= Bishop of Ardfert and Aghadoe =

The Bishop of Ardfert and Aghadoe (usually simply referred to as the Bishop of Ardfert) was an episcopal title which took its name after the village of Ardfert and townland of Aghadoe, both in County Kerry, Ireland.

==History==
The diocese of Ráith Maighe Deiscirt was one of the twenty-four dioceses established at the Synod of Rathbreasail in 1111 and was co-extensive with the kingdom of Iarmuman; which consisted all of County Kerry and a small part of County Cork. The bishop's seat (Cathedra) was originally located at Rathass near Tralee, but by 1117, it had been moved to Ardfert Cathedral. At the Synod of Kells in 1152, the diocese lost some territory when the diocese of Scattery Island was established.

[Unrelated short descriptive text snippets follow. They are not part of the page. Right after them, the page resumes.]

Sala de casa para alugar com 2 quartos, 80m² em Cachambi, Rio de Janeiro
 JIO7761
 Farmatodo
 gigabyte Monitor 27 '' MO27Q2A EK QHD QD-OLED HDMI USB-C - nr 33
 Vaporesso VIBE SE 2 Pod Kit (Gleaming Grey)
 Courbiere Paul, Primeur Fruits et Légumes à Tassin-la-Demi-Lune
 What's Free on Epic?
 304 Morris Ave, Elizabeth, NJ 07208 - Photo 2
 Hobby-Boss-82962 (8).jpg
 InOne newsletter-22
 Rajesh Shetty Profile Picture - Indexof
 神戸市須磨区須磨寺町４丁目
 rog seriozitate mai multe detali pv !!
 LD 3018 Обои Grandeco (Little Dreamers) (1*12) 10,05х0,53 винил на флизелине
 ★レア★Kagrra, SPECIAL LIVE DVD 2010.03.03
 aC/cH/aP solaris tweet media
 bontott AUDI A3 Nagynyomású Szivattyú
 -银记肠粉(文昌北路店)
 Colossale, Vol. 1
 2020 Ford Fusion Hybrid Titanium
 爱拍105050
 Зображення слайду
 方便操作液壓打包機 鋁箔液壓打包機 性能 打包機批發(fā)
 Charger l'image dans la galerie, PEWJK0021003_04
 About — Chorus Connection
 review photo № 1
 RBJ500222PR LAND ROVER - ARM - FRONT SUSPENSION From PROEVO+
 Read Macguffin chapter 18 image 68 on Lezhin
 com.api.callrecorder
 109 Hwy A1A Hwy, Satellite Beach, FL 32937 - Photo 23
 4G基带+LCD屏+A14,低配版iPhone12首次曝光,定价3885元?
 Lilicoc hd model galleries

After the Reformation, there were parallel apostolic successions. In the Church of Ireland, the title continued until 1661 when it united with Limerick to form the bishopric of Limerick, Ardfert and
Aghadoe. The Roman Catholic Church title continued until 1952 when it changed its name to the bishopric of Kerry.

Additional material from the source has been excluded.